What might such a strategy look like? In its simplest form, a technology strategy sets the agenda for the rest of the government and private sector on the key current and emerging technologies that the country needs to stay competitive. Given the centrality of technological developments to world order and global power, such a strategy should have a robust national security focus. A clear technology strategy would help keep the United States on track as it grapples with China and Russia. It would facilitate the ability of the U.S. government to make long-term risk-based decisions and to coordinate with the private sector so that businesses understand the government’s plans and priorities.  And it would operate even while most attention is focused on Russia.

The details of this strategy remain open for debate, but some of the basics can already be found in the text of the COMPETES Act which moved into conference on March 31. Though the House and Senate versions of the bill are starkly different from each other, there are various provisions to establish directorates in the National Science Foundation designed to push forward key advancements, direct billions toward a fund for semiconductor manufacturing, and revamp and reform some aspects of U.S. trade policy to create a more favorable environment for Americans.

Yet even with the COMPETES Act, there is a clear need for a broader technology strategy. The bill’s own laborious path through Congress proves this. It’s a one-off bill that, despite its importance, was delayed for months in the House owing to other legislative priorities.
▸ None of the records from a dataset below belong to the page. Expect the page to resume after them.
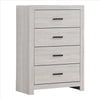 Axel Tall Dresser Chest | 5 Drawer | Metal Bar Pull Handles | White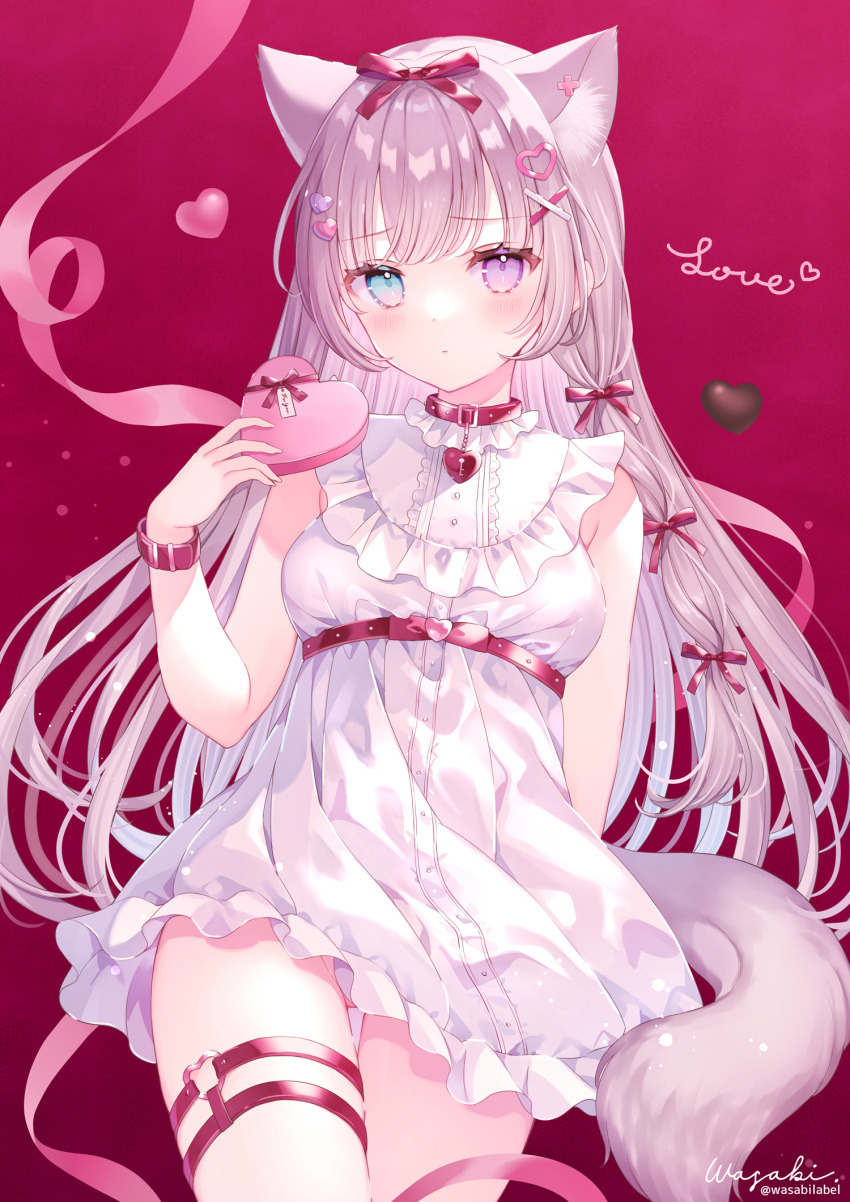 1girl animal_ear_fluff animal_ears bangs blue_eyes bow box breasts cat_ears cat_girl cat_tail closed_mouth commentary dress eyebrows_visible_through_hair frilled_dress frills gift gift_box hair_bow hair_ornament hairclip hand_up heart heart-shaped_box heart_hair_ornament heterochromia highres holding holding_gift long_hair original purple_hair red_background red_bow signature simple_background sleeveless sleeveless_dress small_breasts solo symbol-only_commentary tail twitter_username valentine very_long_hair violet_eyes wasabi_(sekai) white_dress x_hair_ornament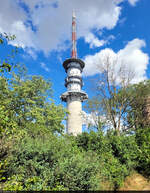 Funkturm auf dem Petersberg bei Halle (Saale).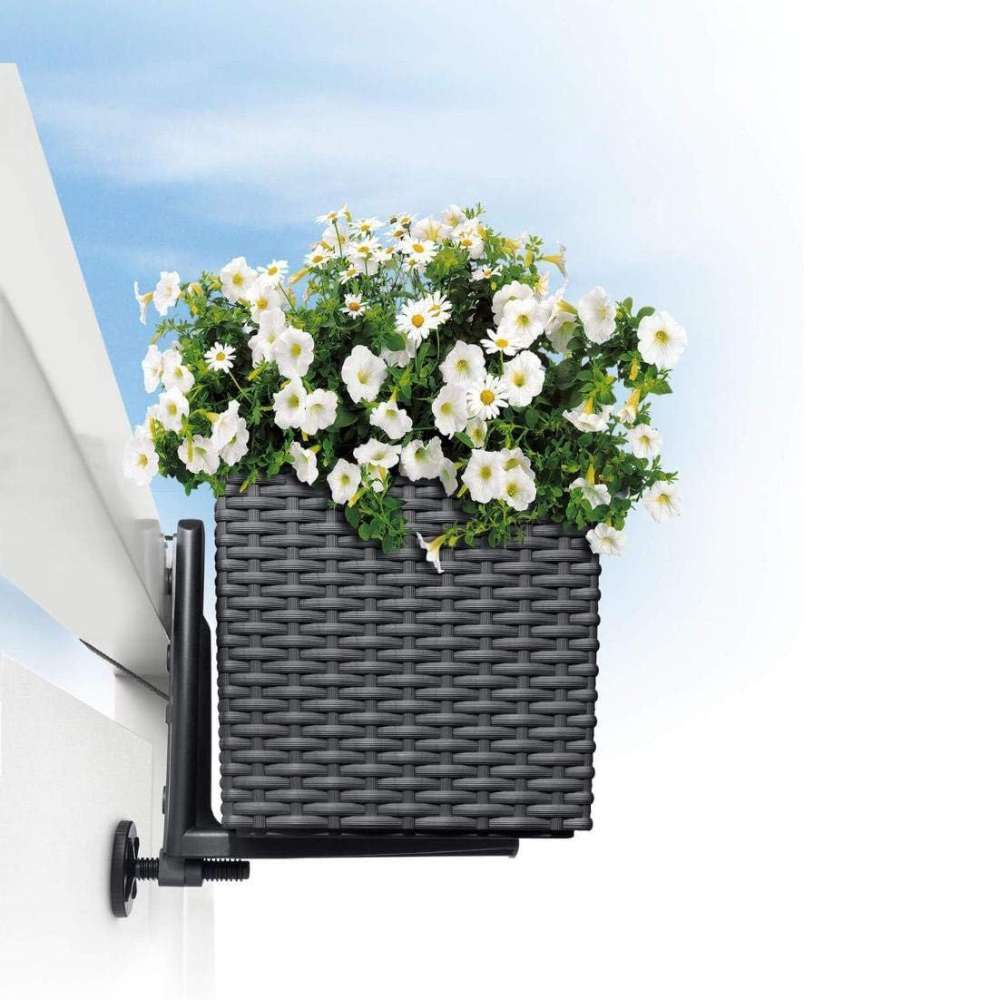 Suport de Prindere Lechuza Balconera, Negru, compatibil cu dimensiuni 50 si 80, plastic durabil, reglaj cu surub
Though both chambers have now passed a version, there is major disagreement on which scientific and technological sectors will be the most important going forward, or even if it’s possible to define them at all.

At a structural level, a technology strategy should focus on identifying issues before they turn into crises. It should also evaluate which sectors may require a form of government intervention—including but not limited to the use of industrial policy tools—and formalize a process for responding when things go wrong. For example, imagine a process that identified chokepoints in semiconductor manufacturing capability before it reached a critical stage, and had the ability to do something about it before Congress was called upon to invest tens of billions of dollars to fix it at a late stage.

Critics argue that the United States does not need a technology strategy. After all, it didn’t have one to develop Windows or the iPhone or the Tesla. But that approach relies too heavily on sheer luck and random talent. Some suggest that implementing a national technology strategy would somehow turn the United States into China or rob America of its innovative edge. This is not true. Other democracies, such as Germany, have robust technology strategies that align with their national values and interests. The problem is that the most recent American efforts have missed the mark. The Trump-era National Strategy for Critical and Emerging Technologies (2020) was underdeveloped and underleveraged. The Obama-era Strategy for American Innovation (2015) was more developed but lacked the national security edge that has become vital in the past half-decade. The Biden administration has a number of individual strategies—for example, its efforts on supply chain and manufacturing resiliency (2022)—this is no substitute for a fully developed national strategy that looks at the nexus between technological, economic, and national security challenges, and deals with them in an integrated manner.